= Problem details =
Produce a verbatim copy of the data below that contains no pictures.

══ Source data

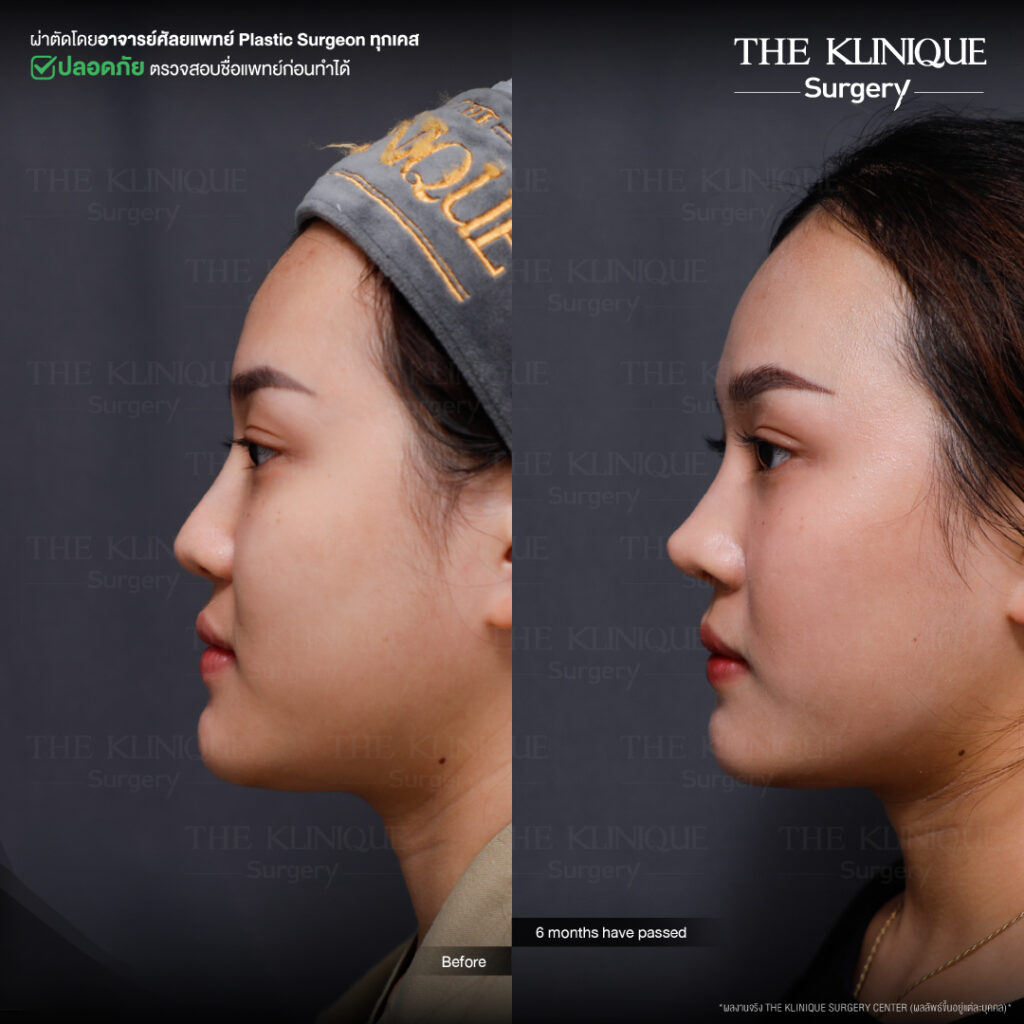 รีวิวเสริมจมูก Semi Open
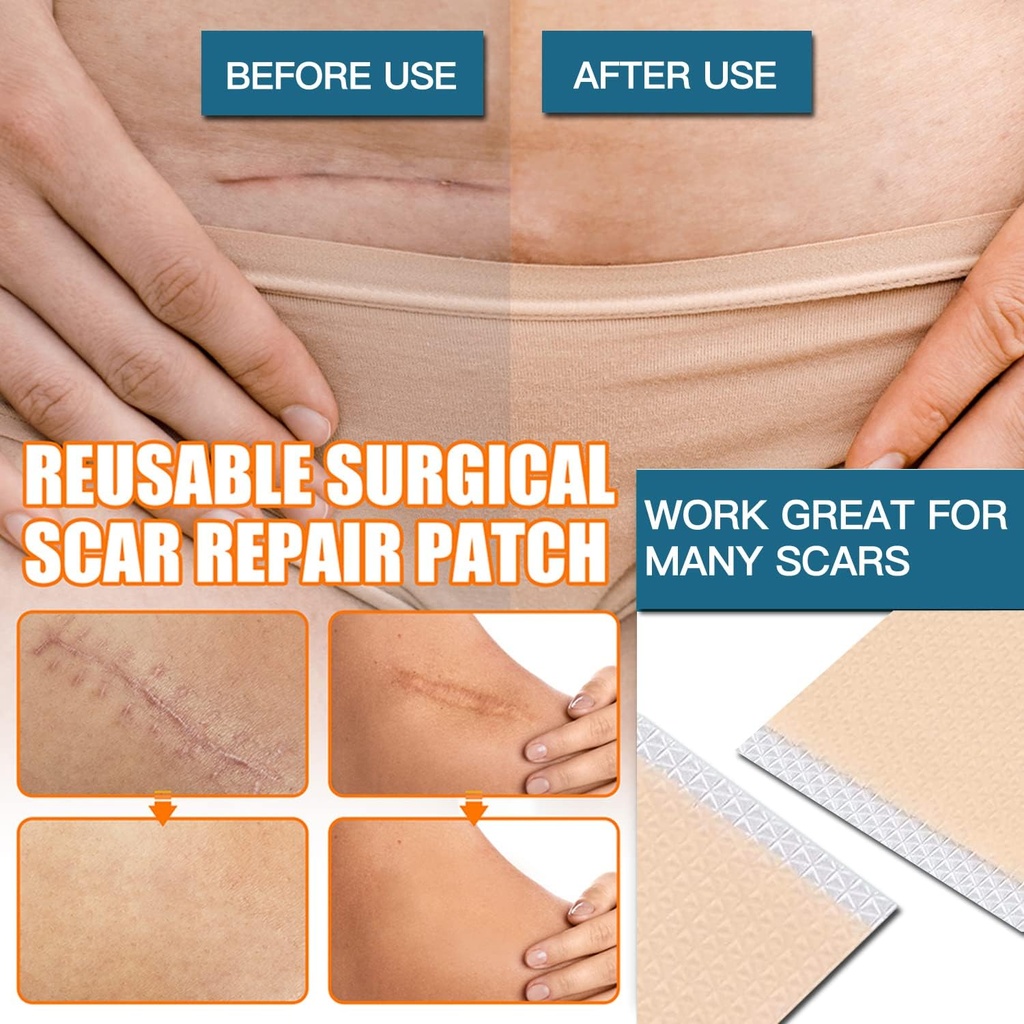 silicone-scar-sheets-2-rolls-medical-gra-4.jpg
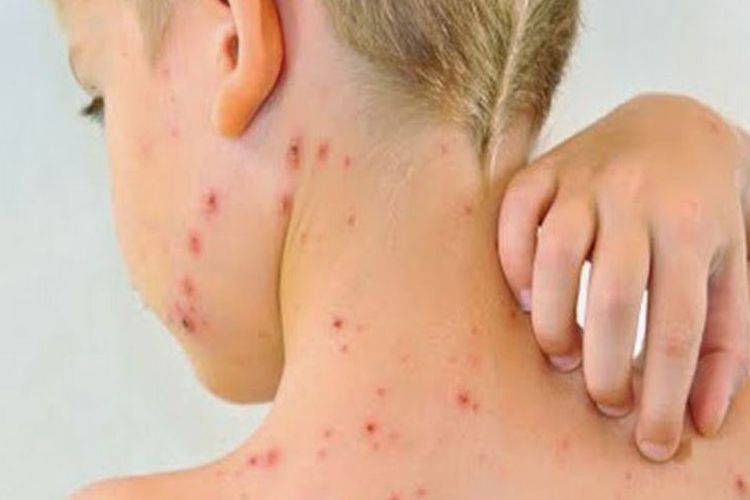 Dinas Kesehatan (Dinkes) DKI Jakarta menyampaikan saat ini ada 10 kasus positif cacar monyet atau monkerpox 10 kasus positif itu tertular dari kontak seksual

════

= Your solution =
 รีวิวเสริมจมูก Semi Open
 silicone-scar-sheets-2-rolls-medical-gra-4.jpg
 Dinas Kesehatan (Dinkes) DKI Jakarta menyampaikan saat ini ada 10 kasus positif cacar monyet atau monkerpox 10 kasus positif itu tertular dari kontak seksual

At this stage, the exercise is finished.